Sixty-five paintings that usually hang in the Picture Gallery at Buckingham Palace and are widely acknowledged to be among the highlights of the Royal Collection will be brought together in a gallery exhibition for the first time. In Masterpieces from Buckingham Palace, spectacular works by artists such as Titian, Rembrandt, Vermeer, van Dyck and Canaletto can be enjoyed ‘close up’, and visitors will be encouraged to consider the artists’ intentions, why the paintings were highly prized in their day and why we would now consider these works to be ‘masterpieces’.
The exhibition has been made possible by the removal of the paintings from the Picture Gallery, one of the State Rooms at Buckingham Palace, to prepare for the next phase of the ‘Reservicing Programme’. This major ten-year project will overhaul the Palace’s essential services, including lead pipes and aging electrical wiring and boilers, to ensure the building is fit for the future as an official residence of the Sovereign and a national asset for generations to come.
One of the themes explored in the exhibition is the artists’ masterly use of paint. In Rubens’ Self-Portrait, 1623, thinly applied pigment brilliantly conveys the translucent quality of flesh, and blue and red highlights help create the impression of three dimensions. The furrowed brows, weather-beaten cheeks and wrinkled skin of Griet Jans and Jan Rijcksen in Rembrandt’s The Shipbuilder and his Wife, 1633, appear to have been sculpted out of paint, vein by vein. Frans Hals’ serrated brushstrokes on the right-hand sleeve of his Portrait of a Man, 1630, convey the shimmering effect of light on luxurious black satin. In Judith with the Head of Holofernes by Cristofano Allori, 1613, Judith’s faultless complexion and golden costume contrast with the grotesquerie of her victim’s severed head.

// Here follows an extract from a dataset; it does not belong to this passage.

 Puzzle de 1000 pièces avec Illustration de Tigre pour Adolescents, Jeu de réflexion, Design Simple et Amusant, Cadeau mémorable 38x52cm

Several of the paintings have a mesmerizing realism, in many cases enhanced by the use of illusionistic design. Compositional devices such as the false window ledges in Rembrandt’s Agatha Bas, 1641, The Grocer’s Shop by Gerrit Dou, 1672, and Jan Steen’s A Woman at her Toilet, 1663, project people, objects and scenes into the viewer’s space. In Lorenzo Lotto’s Portrait of Andrea Odoni, 1527, the sitter appears to reach out of the painting, offering the statue of Diana to the observer. In ‘The Music Lesson’, early 1660s, the impression of an ‘encountered’ scene belies Johannes Vermeer’s carefully constructed composition.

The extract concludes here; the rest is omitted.